(Reuters) – Two days after he was sent home from a Dallas hospital, the man who is the first person to be diagnosed with Ebola in the United States was seen vomiting on the ground outside an apartment complex as he was bundled into an ambulance.
“His whole family was screaming. He got outside and he was throwing up all over the place,” resident Mesud Osmanovic, 21, said on Wednesday, describing the chaotic scene before the man was admitted to Texas Health Presbyterian Hospital on Sunday where he is in serious condition. …
A Liberian official said the man traveled through Brussels to the United States.
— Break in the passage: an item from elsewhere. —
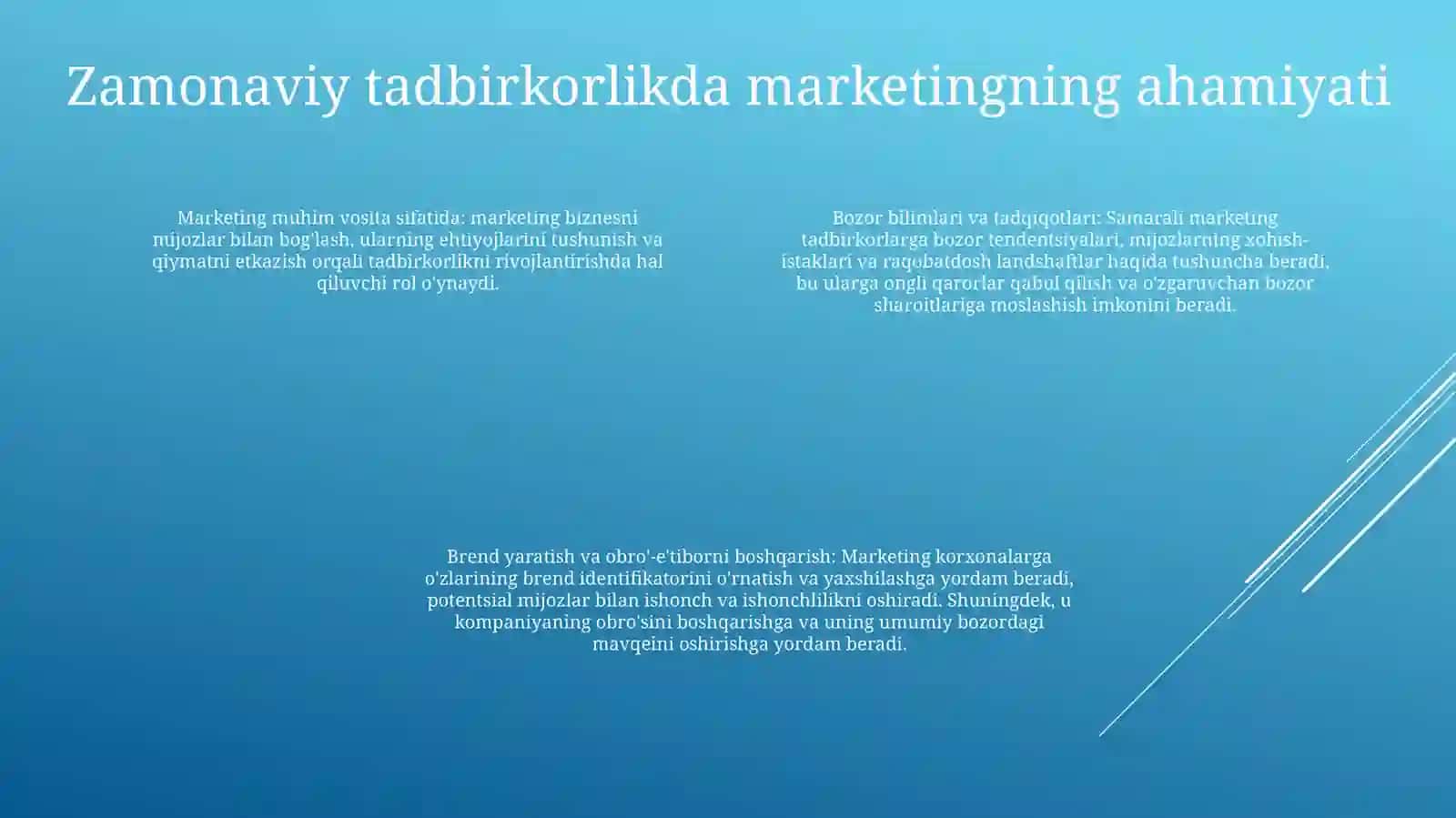 Marketing Zamonaviy Tadbirkorlikni Rivojlantirishni Asosiy Omili 3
United Airlines said in a statement that the man took one of its flights from Brussels to Washington Dulles Airport, where he changed planes to travel to Dallas-Fort Worth.
I suppose if you connected at some point with the travel itinerary mentioned in the last paragraph, you might be a little more interested in Ebola symptoms.
I think it has only just begun. Too much going on in the world these days not to be the “signs of the times” Jesus was speaking of in Matthew 16:3.
Jesus come quickly. Pray tell, come quickly.
Ebola as a weapon of jihad?
Rev 16:11 And blasphemed the God of heaven because of their pains and their sores, and repented not of their deeds.
Mike. I think rev 6:8 is closer. Also 16:11 is bowls of wrath of God. Praying we are gone by 16:11 in rapture. Blessings. Hope all is well.
I have a little different take on it Jack. I see Rev chapters 6-11 retold but with added detail in chapters 12-22, with the parenthetical accounts in heaven excluded from the linear narrative, but part of the overall narrative.
My view is that Chapter 6 is not the beginning of one long linear narrative, but is itself one of several, condensed narratives within a much greater, overall end time narrative. Each condensed version has details the others do not have….similar to the gospels.
Common feature that support this view are repeated warnings of persecution violence followed by the assurance of redemption at Jesus’ return. Other retellings take place in chapter 8, mirrored in chapter 16, and also in chapter 11.
Also, I am not pre-wrath, but post-trib. I don’t see a rapture at all in the Revelation, but rather, a church that is being purified by persecution and few in number by the time the Lord returns.
I have heard of a similar view but have not studied it enough to have a good understanding. You will have to help me on that one. It makes lots of sense but it does imply a post trib rapture.